Unfortunately not. 8, 9 and 10 have been contracted already.


----------



## WhiteRoc_170 (Jan 31, 2013)

stonejedi said:


> You would be thinking wrong,number 8 is already in the works.SJ.


Oh is it? I wasn't aware of that lol.


----------



## Kirkyworld (Jan 12, 2014)

I want to see but will wait for the disc to come out as my lad who is only 11 is desperate to see it too.


----------



## WhiteRoc_170 (Jan 31, 2013)

Kirkyworld said:


> I want to see but will wait for the disc to come out as my lad who is only 11 is desperate to see it too.


Its rated 12 so I'd just take the chance with him lol.


----------



## WhiteRoc_170 (Jan 31, 2013)

Although it should be more. There was swearing in it and some very nice lady's in small underwear  . Gf wasn't to pleased to see that bit. Unlike myself.


----------



## Andy-P (Jun 1, 2014)

Took my 10 year old daughter. She wanted to see it. She's seen them all, and we even went to see some of the filming of Fast 6 when it was in Glasgow.


----------



## Rayaan (Jun 1, 2014)

I thought it was PG-13? Can take pretty much anyone with an adult present


----------



## MPS101 (May 6, 2011)

Having now seen it they did a good job of the Film and definitely worth seeing, good way to say goodbye to Paul and definitely set up for number 8. You can see at points though where the script had to be changed to achieve the ending.


----------



## Dazzel81 (Apr 20, 2013)

Watched today, more of a action film then a car film really but enjoyed it and well worth a watch. Also think they should leave it there rather than make any more.
Nice ending with the tribute to Paul, had the GF crying.


----------



## andy665 (Nov 1, 2005)

Kirkyworld said:


> I want to see but will wait for the disc to come out as my lad who is only 11 is desperate to see it too.
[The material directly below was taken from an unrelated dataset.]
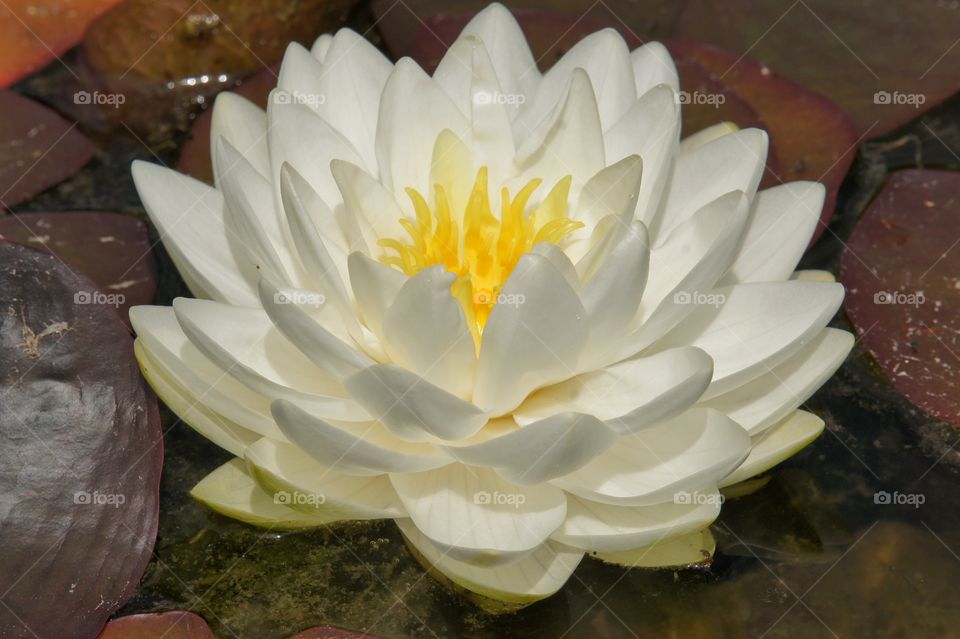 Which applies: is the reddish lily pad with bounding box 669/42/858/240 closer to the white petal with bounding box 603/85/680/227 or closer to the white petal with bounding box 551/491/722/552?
the white petal with bounding box 603/85/680/227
Took my 7 year old with me to see it


----------



## Starburst (Oct 10, 2014)

We went Saturday night to see it. A big thumbs up from us ! :thumb:


----------



## range rover dea (May 27, 2007)

well i took the family tonite and as outhers have said i good ending pulls at your heart


----------



## ITSonlyREECE (Jun 10, 2012)

I dis-like what the Fast films have become and only like 1, 2 and Tokyo Drift, but Paul Walker's send-off was spot on and very emotional.


----------



## magpie27 (Nov 3, 2009)

Going tonight to see it can't wait


----------



## Dannbodge (Sep 26, 2010)

Just watched the ending after someone posted it on FB.
I'm sat here nearly crying and I'm at home. 

At the cinema I would be definitely crying.


----------



## SarahS23 (Jul 31, 2014)

We went to Cinema to see it. End totally got me.


----------



## possul (Nov 14, 2008)

I played hard man when we watched it at home. If I was on my own id of been blubbing for sure


----------



## crash486 (Apr 6, 2015)

Great action movie. The usual incredible stunts ( they actually launched cars out of the plane ) and a fine tribute to Paul. Best F&F .


----------



## Andy-P (Jun 1, 2014)

This is maybe a strange comment, but maybe too much action? It seems never ending. How many times can Dom drive off a mountain, or skyscraper with barely a scratch. 
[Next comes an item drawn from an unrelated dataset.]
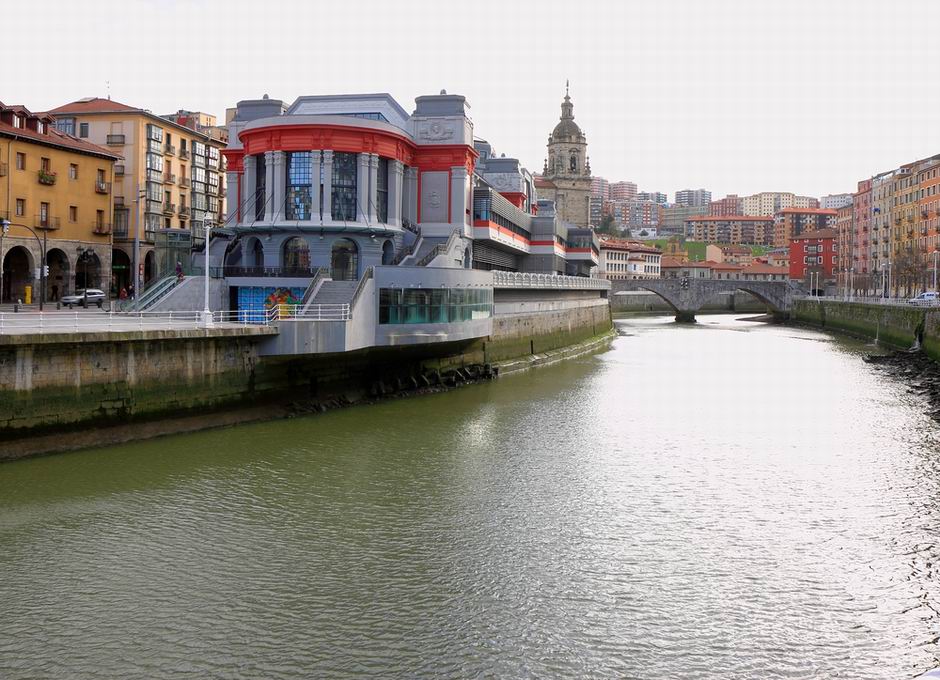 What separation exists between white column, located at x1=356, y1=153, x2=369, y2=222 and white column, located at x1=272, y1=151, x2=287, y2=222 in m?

Epic ending though. A fine way to say goodbye.


----------



## Sean_Jaymo (May 24, 2006)

That's the deal with the series that I enjoy, leave the sense of reality and knowledge of physics at the cinema door, put the brain into neutral and enjoy it for the crazy few hours of noise and cars that it is. Try and take it seriously and that's when it spoils I think.


----------



## polac5397 (Apr 16, 2014)

a well thought out ending, really felt a lump in my throat as I played out.


----------



## Starbuck88 (Nov 12, 2013)

Went to see it BH monday and that last scene, right in the feels. Lights came up and Mrs was sat there with tears all over her face. As was a few other wimmin in the cinema.
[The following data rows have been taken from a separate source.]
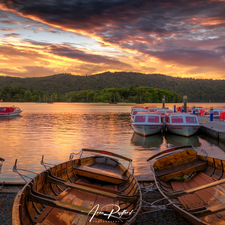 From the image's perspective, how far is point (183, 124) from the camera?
92.7ft

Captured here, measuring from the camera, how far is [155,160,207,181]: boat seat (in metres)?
9.86

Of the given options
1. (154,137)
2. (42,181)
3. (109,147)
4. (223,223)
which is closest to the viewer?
(223,223)

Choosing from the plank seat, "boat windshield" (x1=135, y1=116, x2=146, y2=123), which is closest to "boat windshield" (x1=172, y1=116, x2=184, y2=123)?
"boat windshield" (x1=135, y1=116, x2=146, y2=123)

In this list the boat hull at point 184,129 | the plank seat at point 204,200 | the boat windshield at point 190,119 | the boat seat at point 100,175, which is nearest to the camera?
the plank seat at point 204,200

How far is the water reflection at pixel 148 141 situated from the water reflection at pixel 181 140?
1016mm

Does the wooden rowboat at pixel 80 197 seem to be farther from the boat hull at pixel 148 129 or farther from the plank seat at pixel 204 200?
the boat hull at pixel 148 129

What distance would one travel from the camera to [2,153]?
2009 cm

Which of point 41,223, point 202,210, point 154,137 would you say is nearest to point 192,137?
point 154,137

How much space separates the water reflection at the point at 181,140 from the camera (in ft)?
86.1

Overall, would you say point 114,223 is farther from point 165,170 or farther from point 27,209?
point 165,170

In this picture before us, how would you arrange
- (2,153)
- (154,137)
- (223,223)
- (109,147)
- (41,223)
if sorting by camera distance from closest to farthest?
(41,223) < (223,223) < (2,153) < (109,147) < (154,137)

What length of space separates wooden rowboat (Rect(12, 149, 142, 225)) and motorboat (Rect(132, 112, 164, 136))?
17472mm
I managed to hold it all back, I know too much how it feels to lose someone suddenly and the thought that they are now doing something they love and would want to do for eternity, certainly makes one well up.


----------



## silverback (Jun 18, 2008)

i think this film has been notched up a few points due to walkers death myself.i dont mind the first one (even if it was a poor mans point break) the second was annoying as hell due to that bald black fella (and hes still annoying as **** in the 7th) but the third one was not bad at all (i think its the marmite of the series) but this new one,jesus wept lol.

i loved the variation in cars,the car line up was immense,but dear god did they just throw darts at a world map and build the story around the destinations ?? poor Han from the third one must have been glad to sit this one out,same for the rock,he will be made up he only did about 15 mins screen time on this overly long **** sandwich.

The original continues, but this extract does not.